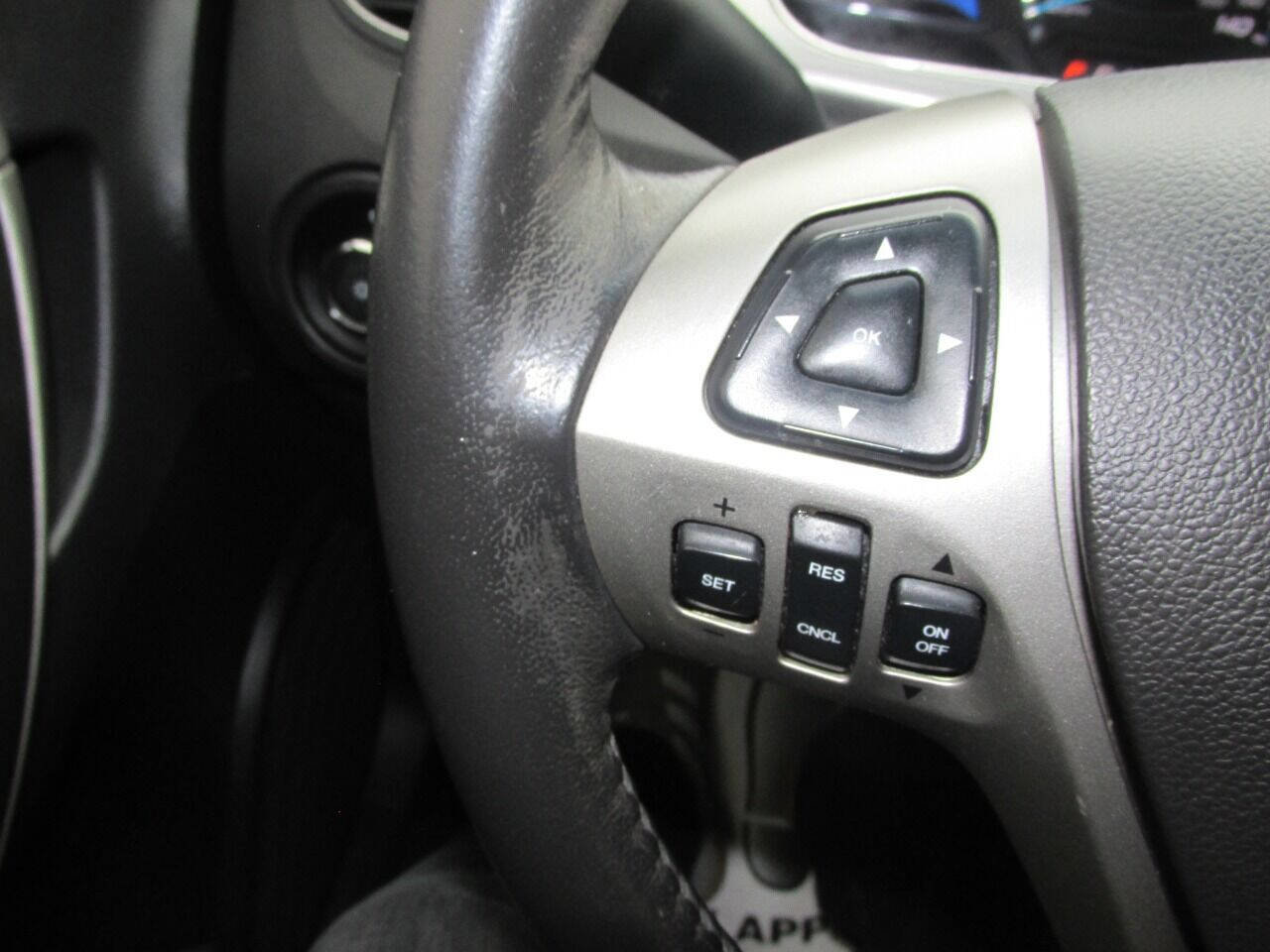 Used 2013 Ford Taurus SEL image 47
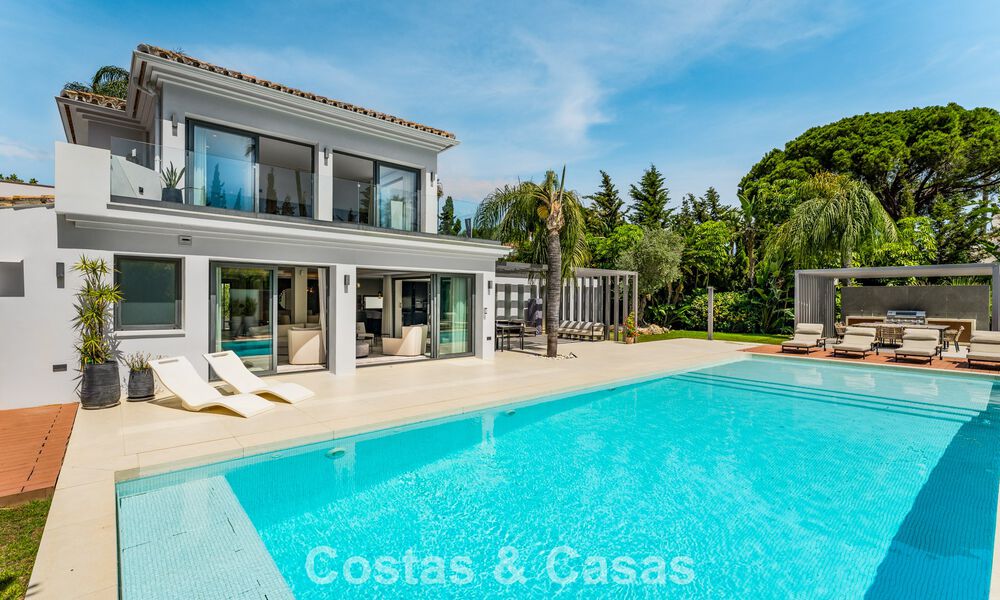 Modern luxury villa with heated swimming pool for sale in Nueva Andalucía's Golf Valley, Marbella 802005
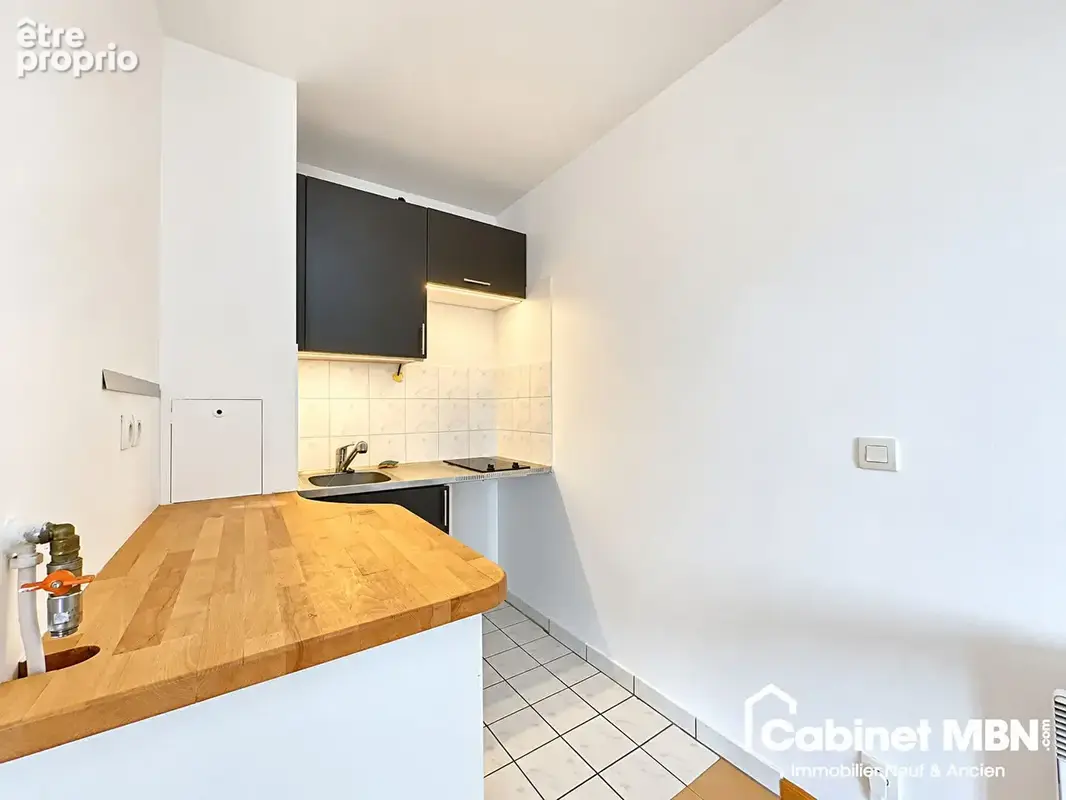 Centre-ville - studio 31 m² - balcon - parking - photo 5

WHAT YOU SHOULD DO: Only the pictures stay behind; everything else in the data above is to be retyped exactly.

SOLUTION FOR THIS TASK:
 Used 2013 Ford Taurus SEL image 47
 Modern luxury villa with heated swimming pool for sale in Nueva Andalucía's Golf Valley, Marbella 802005
 Centre-ville - studio 31 m² - balcon - parking - photo 5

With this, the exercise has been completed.